Records from a collection
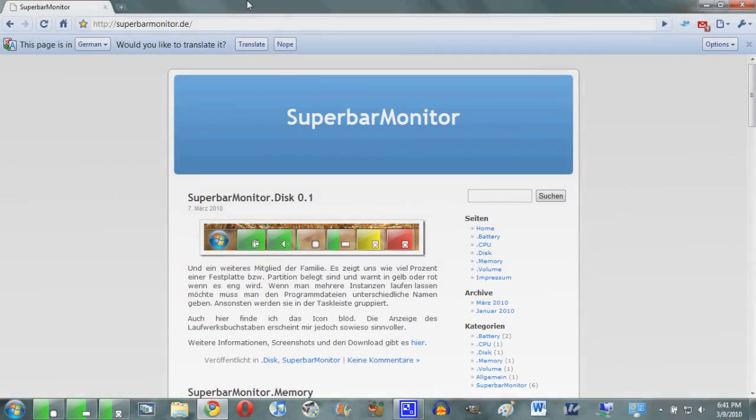Okay guys, so the first step obviously is going to be installing the program. Now these are a series of programs—there's five of them in all—and you can download whatever you want.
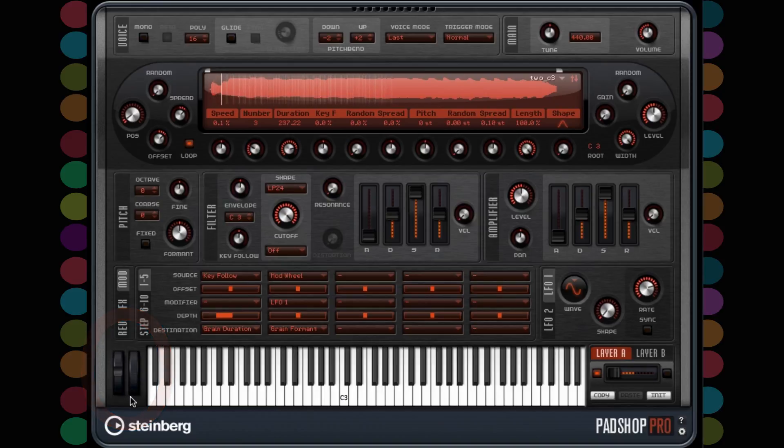The mod wheel command is finished. And that is all for this tutorial on how to build a simple voice patch with PadShop Pro. See you next time.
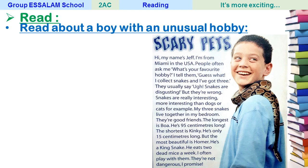Now I'm going to read it. 'Hi, my name is Jeff. I'm from Miami in the USA. People often ask me: what's your favorite hobby? I tell them — guess what — I collect snakes, and I've got three. They usually say, oh, snakes are disgusting! But they are wrong; snakes are really interesting, more interesting than dogs or cats. My three snakes live together in my bedroom. The longest is Boa — he is 95 cm long. The shortest is Kinky — he is only 15 cm long. But the most beautiful is Homer; he is a king snake and eats two dead mice a week. I often play with them; they are not dangerous, I promise.' Please try to read it again.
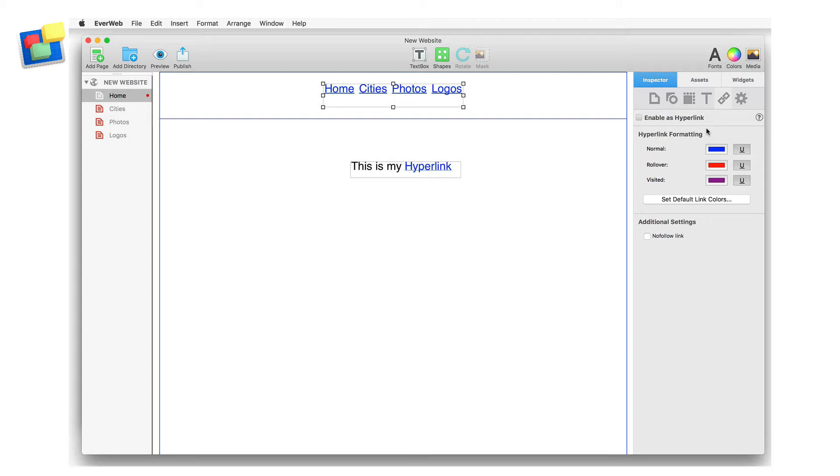As well as text, you can use mouseover effects for other objects such as shapes or images. For example, I can apply a mouseover effect to an arrow shape.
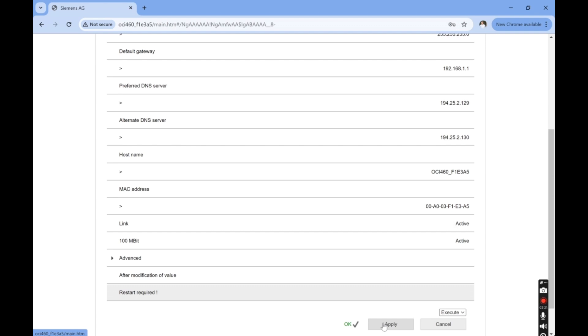This takes approximately one minute. And this is how you configure the OCI-460.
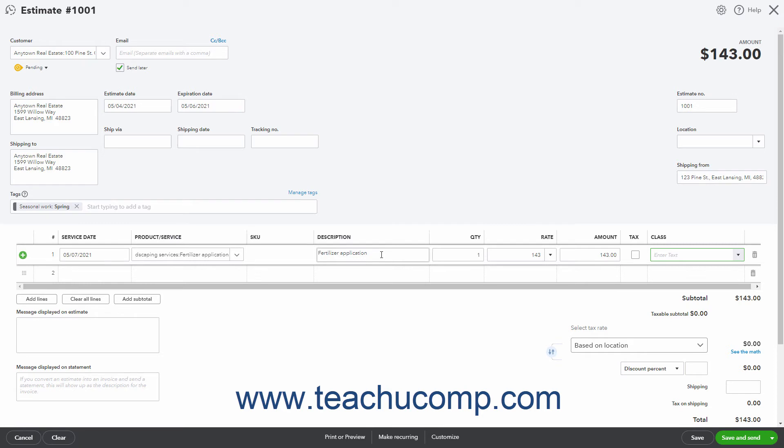After entering the first line item, continue adding line items until you enter all the line items needed for the estimate.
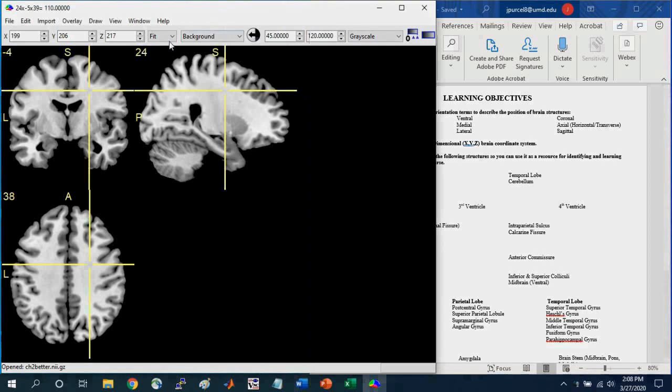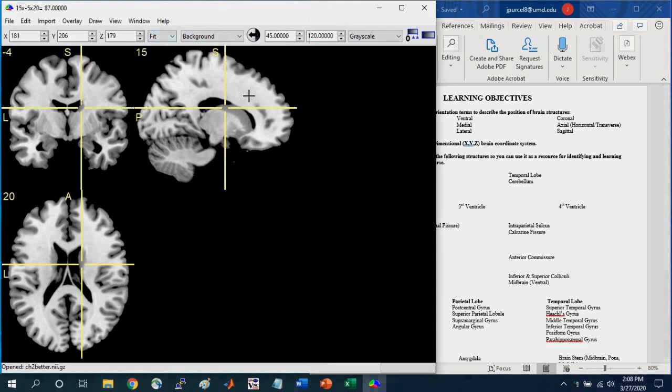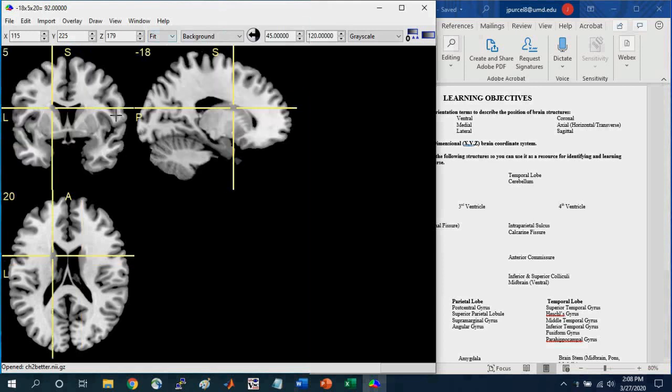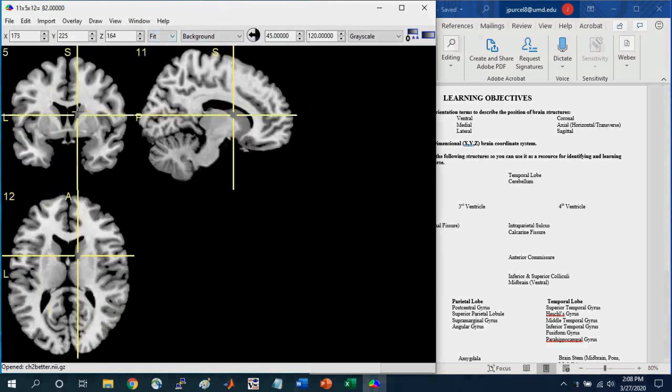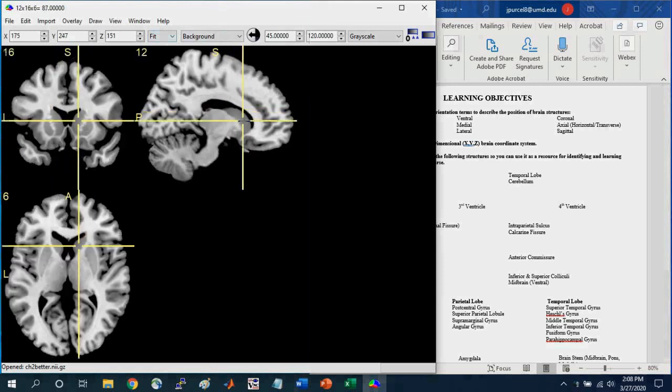Another parameter that you might be interested in is the zoom parameter. And so we can navigate to, say, a smaller brain structure that you might be interested in. So here, just selecting the caudate.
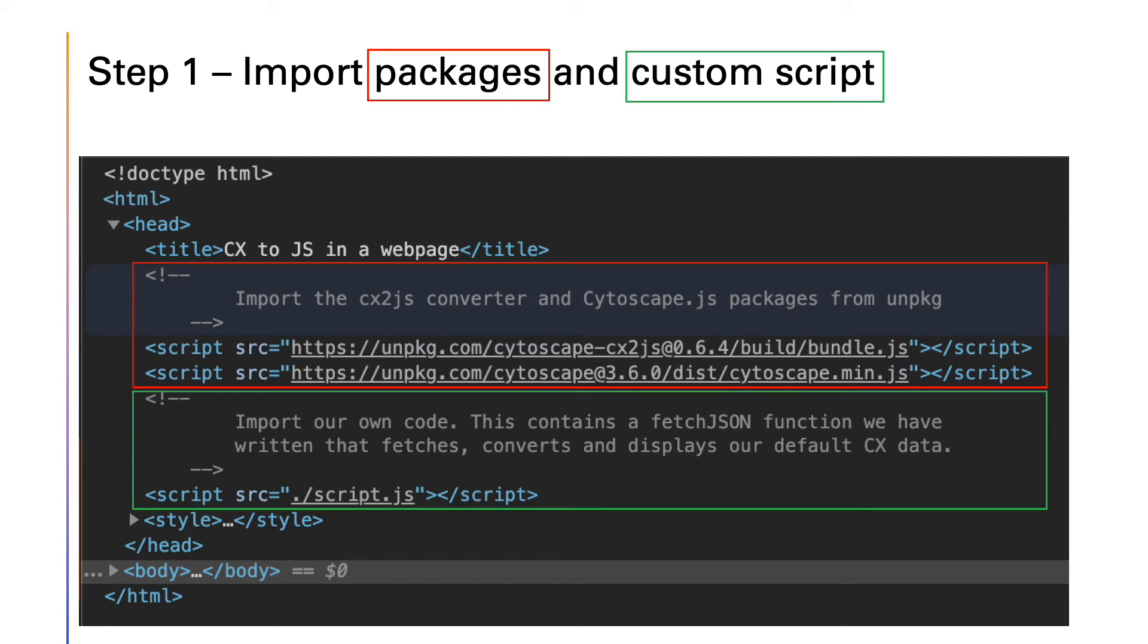The minimal code required is fairly simple and we'll quickly go through it. First of all, import the CX-to-JS and Cytoscape-JS packages as well as the custom script.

# Problem
Please give back exactly the lines from the first line of the records above through the line containing "The mod wheel", only those and both included, with the pictures removed.

# Task result
Okay guys, so the first step obviously is going to be installing the program. Now these are a series of programs—there's five of them in all—and you can download whatever you want.
The mod wheel command is finished. And that is all for this tutorial on how to build a simple voice patch with PadShop Pro. See you next time.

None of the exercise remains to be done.